Now let's analyze co-occurrence patterns between microbes.

In [None]:
# Run co-occurrence analysis
cooccurrence_results = analyze_cooccurrence(
    abundance_file=abundance_file,
    metadata_file=metadata_path,
    output_dir=results_dir / 'cooccurrence_analysis',
    correlation_method='spearman',
    correlation_threshold=0.3,
    p_value_threshold=0.05
)

# Display network statistics
if hasattr(cooccurrence_results, 'network_stats'):
    print("Network statistics:")
    for key, value in cooccurrence_results.network_stats.items():
        print(f"{key}: {value}")

## 5. Visualizing Results

Finally, let's create some visualizations to explore our data.

In [None]:
# Load the normalized abundance data
abundance_df = pd.read_csv(abundance_file, sep='\t', index_col=0)

# Get top taxa by mean abundance
mean_abundance = abundance_df.mean(axis=1).sort_values(ascending=False)
top_taxa = mean_abundance.head(15).index.tolist()

# Create heatmap of top taxa
plt.figure(figsize=(14, 10))
heatmap_data = abundance_df.loc[top_taxa]
sns.heatmap(heatmap_data, cmap='viridis', yticklabels=True, xticklabels=False)
plt.title('Abundance of Top 15 Taxa Across Samples')
plt.tight_layout()
plt.show()

# Create boxplots of top taxa by severity
top5_taxa = top_taxa[:5]
metadata_df.set_index('SampleID', inplace=True)

# Prepare data for boxplots
melted_data = []
for taxon in top5_taxa:
    for sample in abundance_df.columns:
        if sample in metadata_df.index:
            severity = metadata_df.loc[sample, 'Severity']
            abundance = abundance_df.loc[taxon, sample]
            melted_data.append({'Taxon': taxon, 'Sample': sample, 'Severity': severity, 'Abundance': abundance})

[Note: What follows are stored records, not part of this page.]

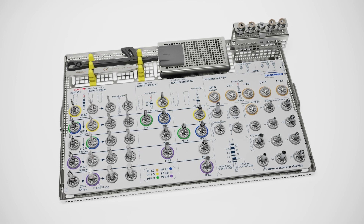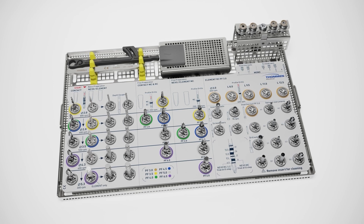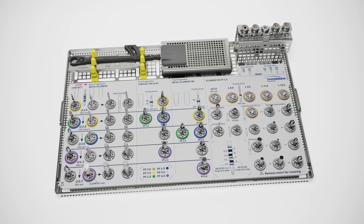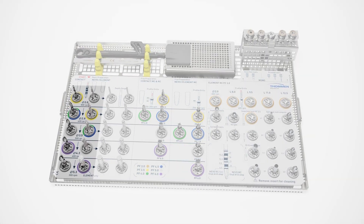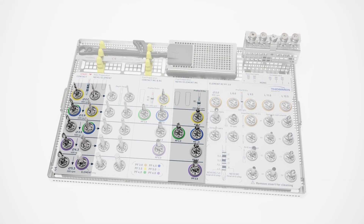The same surgical cassette can be used for Nevo, Element, and Contact implants. Implant bed preparation for Nevo requires the same vector drills and profile drills as needed for Element.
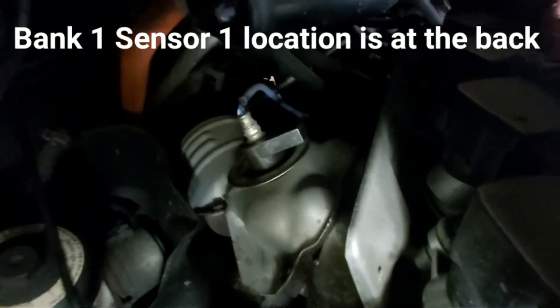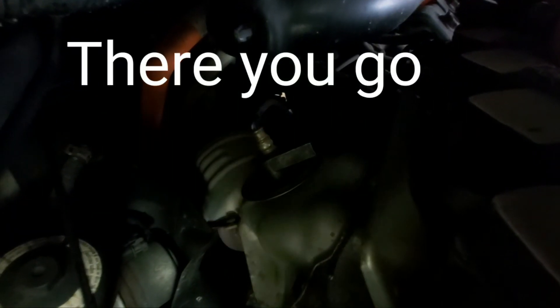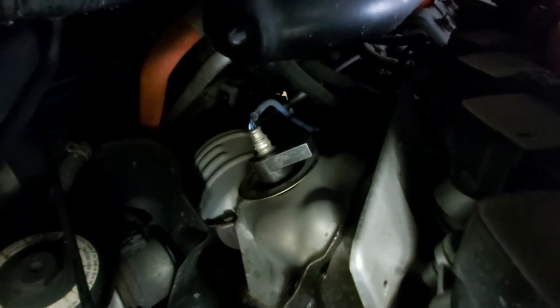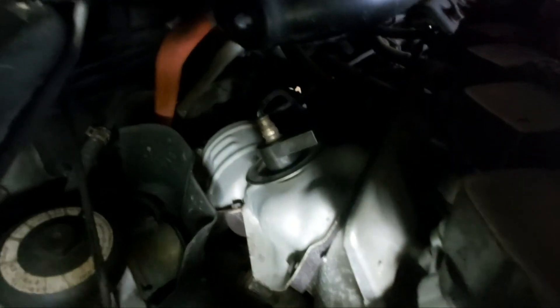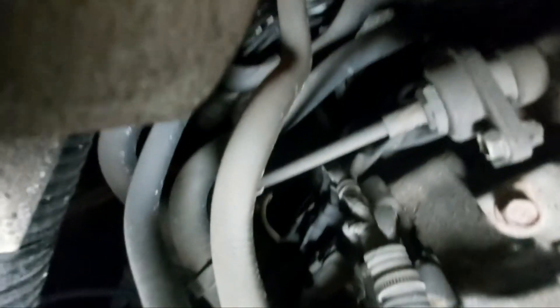O2 sensor bank 1, sensor 1 location is at the back of the engine, the firewall side. You can see the blue color. You have to use the special tools to remove it. And the other side of the wiring connector, you have to remove the engine filter housing just to reach the connector on that side.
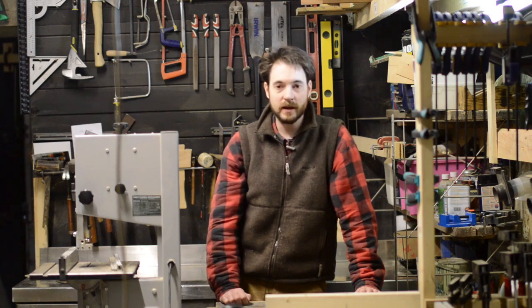Hello, I'm Matt. Welcome to Badger Workshop. My local pub has asked me to make a holder to go on the bar to store menus in. So, let's get started.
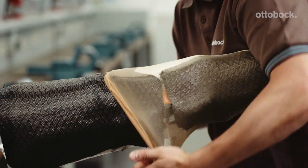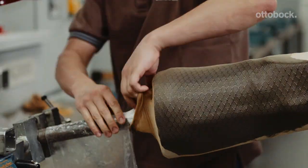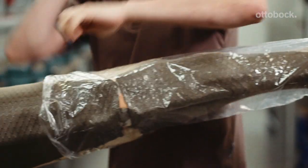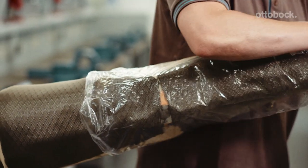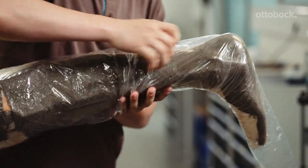Pull a Perlon sock over the model and protect the suction tube with several layers of Perlon stockinette to prevent contamination with resin. Pull a PVA bag over the model and connect the second vacuum.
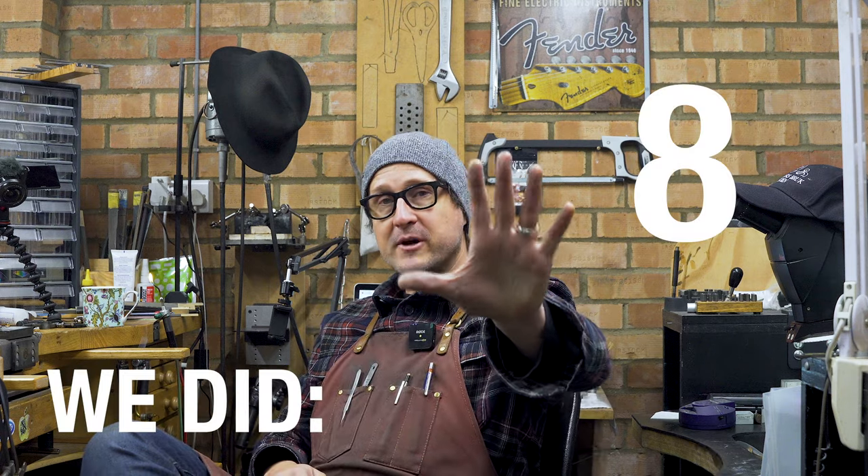Hey guys, as promised last week we're going to talk about tools today. It's pretty chilly in the workshop, we're heading towards December in England. To warm the heart, let's discuss some tools — here are five of my favorite tools that I'm currently using in the workshop.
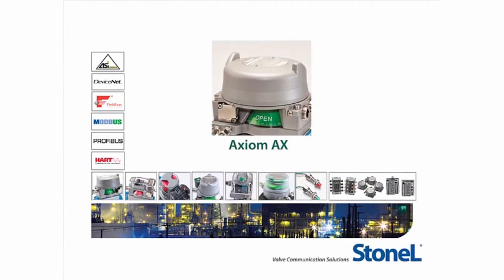Welcome, and thank you for joining us. In this video, you will learn how using StoneAlle's Axiom platform will reduce your processing plant's total lifecycle costs.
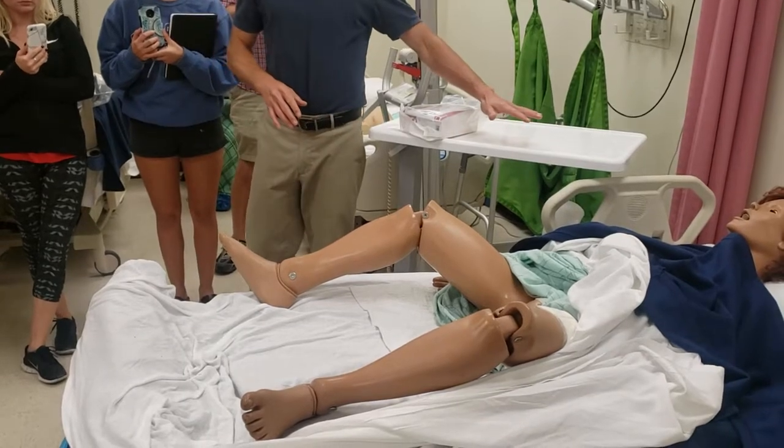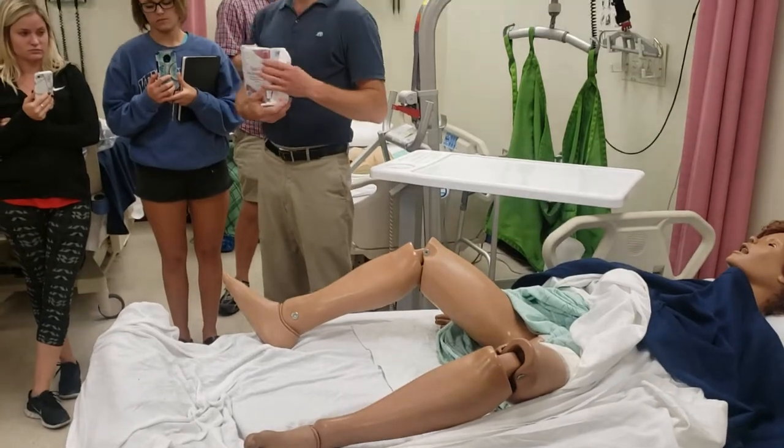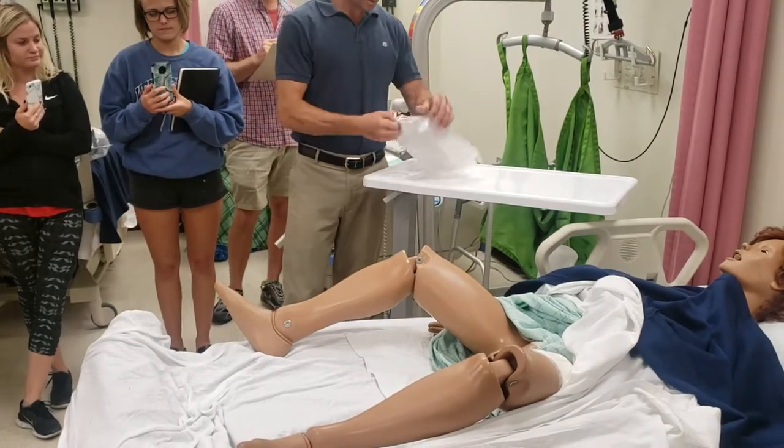I wiped off my table for two minutes per the purple pot protocol. I got a sterile package. A sterile package requires three checks — and I checked those.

melted_df = pd.DataFrame(melted_data)

# Create boxplot
plt.figure(figsize=(15, 8))
sns.boxplot(x='Taxon', y='Abundance', hue='Severity', data=melted_df)
plt.title('Abundance of Top 5 Taxa by Disease Severity')
plt.xticks(rotation=45, ha='right')
plt.tight_layout()
plt.show()

## Summary and Conclusions

In this notebook, we've demonstrated the complete workflow for analyzing Kraken microbiome data for RSV samples:

1. **Data Processing**: We processed raw Kraken outputs to create abundance tables.
2. **Community Structure**: PERMANOVA analysis revealed significant associations between microbial community composition and clinical factors.
3. **Feature Selection**: We identified key microbes that are associated with disease severity and symptoms.
4. **Co-occurrence Analysis**: Network analysis showed how different microbes interact and co-occur in patient samples.
5. **Visualization**: Various plots helped us understand the distribution and significance of microbial taxa.

Key findings and next steps can be noted here after running the analyses.